The current paper gives novel indications: first, body dissatisfaction with respect to all areas of the body and outer appearance among transgender adolescents aged 11–18 years is higher than among cisgender adolescents in a comparable age range 13–16 years. Further, gender differences are far less consistent in the transgender group than in the cisgender group pointing to specific developments and experiences. Second, as among transgender adolescents, body dissatisfaction and gender dysphoria are associated with experiences of minority stress, these experiences cannot be explored without taking social interactions and societal positions, i.e., being part of a minority, marginalized and stigmatized group, into consideration. In this respect, when addressing gender dysphoria in clinical practice and in future research, social influences and experiences of trans hostility as deeply invalidating stressors need to be taken into account. This is of high relevance as a recent study found that internalized transphobia predicts worse outcomes regarding body uneasiness after GAHT, which is the standard of care for transgender adolescents with gender dysphoria and body dissatisfaction in particular cases [61, 62]. Additionally, in the context of body dissatisfaction and gender dysphoria, it would be important to explore the role of passing, i.e., their perception and satisfaction of congruence between outward appearance and gender identity. A few studies have attempted to measure passing, for which they have constructed their own scales [38, 41]. However, the role of passing for gender dysphoria has hardly been examined, conceivably since validated measurements for the assessment of passing are only emerging. There is, for instance, the Transgender Identity Survey measuring internalized transphobia with a subscale that assesses passing [41]. To our knowledge, validated instruments for adolescents are lacking so far.

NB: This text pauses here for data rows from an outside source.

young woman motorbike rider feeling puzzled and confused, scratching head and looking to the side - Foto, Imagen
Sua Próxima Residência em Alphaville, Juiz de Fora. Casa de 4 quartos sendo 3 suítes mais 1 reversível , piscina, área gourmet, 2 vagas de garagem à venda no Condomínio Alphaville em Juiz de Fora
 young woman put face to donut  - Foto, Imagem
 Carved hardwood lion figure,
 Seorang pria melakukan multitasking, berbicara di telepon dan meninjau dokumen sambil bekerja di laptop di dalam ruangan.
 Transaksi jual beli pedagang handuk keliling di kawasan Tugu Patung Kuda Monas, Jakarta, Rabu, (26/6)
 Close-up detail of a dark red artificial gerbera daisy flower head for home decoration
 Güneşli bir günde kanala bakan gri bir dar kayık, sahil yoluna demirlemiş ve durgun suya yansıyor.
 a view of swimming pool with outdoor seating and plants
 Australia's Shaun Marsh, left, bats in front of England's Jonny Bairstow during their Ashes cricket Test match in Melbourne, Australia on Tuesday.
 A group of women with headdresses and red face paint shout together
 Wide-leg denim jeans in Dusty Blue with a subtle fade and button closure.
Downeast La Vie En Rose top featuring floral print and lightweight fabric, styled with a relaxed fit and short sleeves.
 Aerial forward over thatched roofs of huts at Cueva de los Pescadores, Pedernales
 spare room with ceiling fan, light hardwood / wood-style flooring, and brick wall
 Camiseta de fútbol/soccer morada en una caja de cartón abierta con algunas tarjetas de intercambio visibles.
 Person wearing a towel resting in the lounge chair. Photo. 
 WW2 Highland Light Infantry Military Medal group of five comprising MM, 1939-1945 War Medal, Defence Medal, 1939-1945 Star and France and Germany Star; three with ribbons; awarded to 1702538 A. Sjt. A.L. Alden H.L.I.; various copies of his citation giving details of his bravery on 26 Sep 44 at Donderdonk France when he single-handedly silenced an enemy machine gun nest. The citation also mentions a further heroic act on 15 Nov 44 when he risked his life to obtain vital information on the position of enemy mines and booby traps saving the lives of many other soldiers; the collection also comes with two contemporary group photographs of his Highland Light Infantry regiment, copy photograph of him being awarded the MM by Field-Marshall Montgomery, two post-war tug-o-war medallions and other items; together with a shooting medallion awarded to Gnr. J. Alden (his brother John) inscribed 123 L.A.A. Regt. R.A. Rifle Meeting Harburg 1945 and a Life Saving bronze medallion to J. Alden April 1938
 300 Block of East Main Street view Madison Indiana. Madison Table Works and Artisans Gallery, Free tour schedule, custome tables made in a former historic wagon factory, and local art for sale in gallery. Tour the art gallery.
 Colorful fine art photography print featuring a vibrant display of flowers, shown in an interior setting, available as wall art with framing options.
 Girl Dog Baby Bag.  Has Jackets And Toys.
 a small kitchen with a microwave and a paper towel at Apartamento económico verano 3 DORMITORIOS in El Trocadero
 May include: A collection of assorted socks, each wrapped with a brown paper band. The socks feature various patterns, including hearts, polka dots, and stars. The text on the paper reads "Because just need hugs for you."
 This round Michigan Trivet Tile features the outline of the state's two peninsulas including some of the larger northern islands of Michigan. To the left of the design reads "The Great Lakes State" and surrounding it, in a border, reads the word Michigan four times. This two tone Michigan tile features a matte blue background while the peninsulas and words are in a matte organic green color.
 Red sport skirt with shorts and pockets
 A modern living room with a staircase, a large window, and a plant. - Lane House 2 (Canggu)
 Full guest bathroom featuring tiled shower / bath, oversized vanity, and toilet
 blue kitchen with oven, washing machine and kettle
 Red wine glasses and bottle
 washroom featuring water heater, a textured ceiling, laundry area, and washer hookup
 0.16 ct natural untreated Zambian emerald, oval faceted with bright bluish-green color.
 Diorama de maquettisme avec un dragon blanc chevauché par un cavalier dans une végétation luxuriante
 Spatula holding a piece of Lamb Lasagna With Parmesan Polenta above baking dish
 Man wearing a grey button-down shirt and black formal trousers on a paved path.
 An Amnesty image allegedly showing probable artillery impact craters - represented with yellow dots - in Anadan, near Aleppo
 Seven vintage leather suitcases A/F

To gain more knowledge of trans adolescents’ lived experiences, a participatory research approach is needed [63]. Dismantling gate-keeping positions by considering transgender clients as experts for their own experience is just one of many steps that still must be taken in order to destigmatize and de-pathologize gender and sexual diversity. Further, longitudinal studies are needed to identify risk and protective factors of gender dysphoria and body dissatisfaction in relation to the social context and minority stress.

Conclusions

This study indicates that clinic-referred transgender adolescents show higher body dissatisfaction for all body regions than their cisgender peers. Experiences of minority stress such as poor peer relations and trans hostility are specifically associated with body dissatisfaction and with gender dysphoria. Adequate, validated and revised instruments - in line with recent changes in terminology and classification - to assess body dissatisfaction, gender dysphoria and aspects of minority stress are needed, especially for the age group of adolescents. While this research needs time, clinicians need to be aware of the societal impact on gender minority individuals, address this in the counseling setting and provide support for the youth.